De nuevo una selección eliminada volvió a hacerse valer en un Mundial de intrincado guión y los nipones pasaron un calvario porque acabaron por confiar más en la fortaleza de Colombia en su partido contra Senegal que en la suya propia. Con el marcador en desventaja, y a un cuarto de hora para el final, Japón estaba eliminada y en una activa búsqueda de un salvador empate. De pronto marcó Jerry Mina a 800 kilómetros de distancia, cerraron el chiringuito y se dedicaron a gestionar el marcador. Entendible porque otro gol de Polonia hubiera mandado al combinado asiático a casa, inexplicable porque un tanto de Senegal también le hubiese dado puerta.
Esa chusca opereta nipona duró apenas los diez últimos minutos de partido y su prolongación, un tiempo en el que la pelota deambuló sin profundidad entre sus zagueros de manera que incluso impidió un último cambio a los polacos, que perplejos vieron como nadie les discutía la victoria. Japón puso un borrón en un partido de complicada explicación, en el que su entrenador miró más a futuro que a presente y realizó seis cambios en el once titular respecto al anterior y excelente partido ante Senegal. Al margen se quedaron varios baluartes del equipo. A uno de ellos, el capitán Hasebe, hubo que activarlo a última hora para dirigir las operaciones que llevasen el partido a un final feliz para Japón.
Todo había transcurrido entre una cierta melancolía. Polonia se presentó rebajada, también con muchas novedades en su alineación, bajo la depresión de saberse eliminada y con Lewandowski ensombrecido por la decepción. El máximo goleador de las eliminatorias mundialistas se va sin marcar en el campeonato, su primera gran torneo a este nivel. Quién sabe si podrá repetir. En su última cita ni siquiera generó peligro a un equipo con problemas para defender en el cuerpo a cuerpo. El progreso de Japón es indudable y va más allá del tópico que les señala como esforzados, honrados, solidarios y batalladores porque ahora agregan el tamiz de la experiencia y el oficio. Nueve de los once futbolistas que componían su alternativa alineación jugaron la pasada temporada en el fútbol europeo, los dos restantes (el central Makino y el centrocampista Yamaguchi) pasaron años atrás por la Bundesliga. El país late fútbol y empieza a destilar la ambición de crecer. Quizás el final del partido defina ese cambio, pero se manejaron en un alambre que pudieron haber convertido en una autopista con bien poco.

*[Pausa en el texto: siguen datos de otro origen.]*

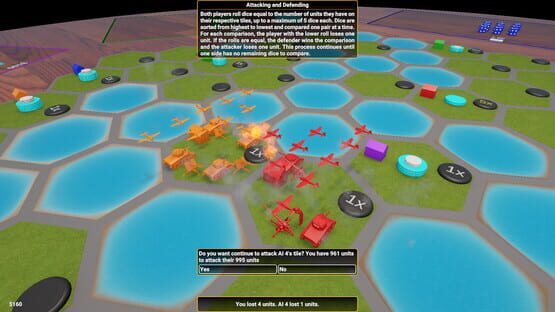 Screenshot Imperial Command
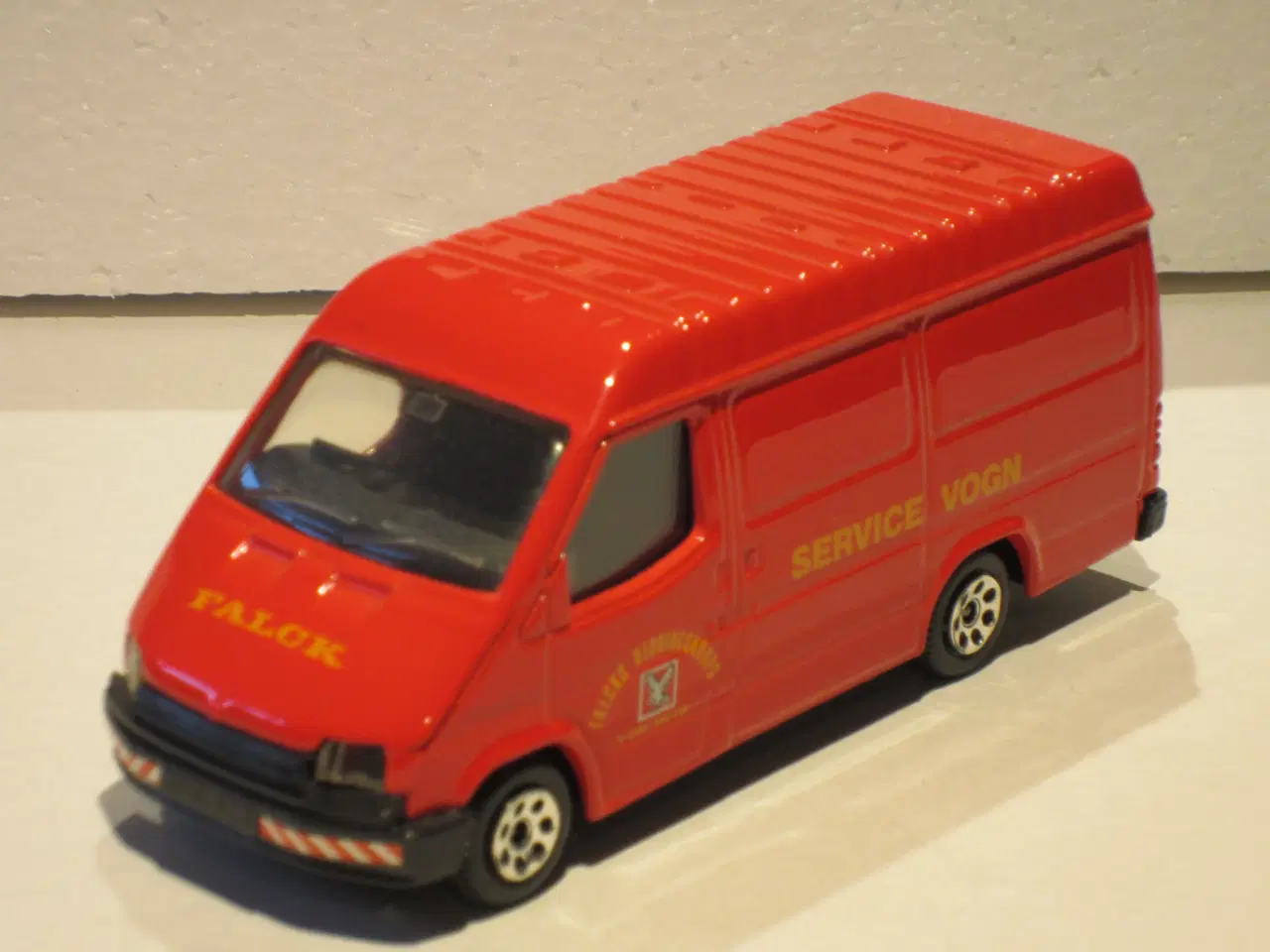 Billede 1 - Falck Servicevogn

Todo se le complicó a Japón con una desatención al defender un libre directo. Lo botó Kurzawa y lo remató el central Bednarek sin que nadie le encimase. Con media hora por jugar pareció acampar la perplejidad entre los derrotados. De inmediato llamaron a Inui para que entrase al campo, pero poco cambió en la dinámica de un partido planteado para dejarse llevar. Japón se abandonó a la fortuna y esta le visitó con la resolución en otro estadio. Pudieron acabar líderes de grupo y a la postre acceden a la fase eliminatoria como segundos y en la parte complicada del cuadro. No es poco premio para una selección que llegaba con groseras dudas al Mundial, que tan solo en dos ocasiones de sus cinco anteriores participaciones había llegado a ese nivel, sin sobrepasarlo. A su ritmo, Japón cambia. Ha aprendido a especular, pero aún tiene pendiente la asignatura de la codicia.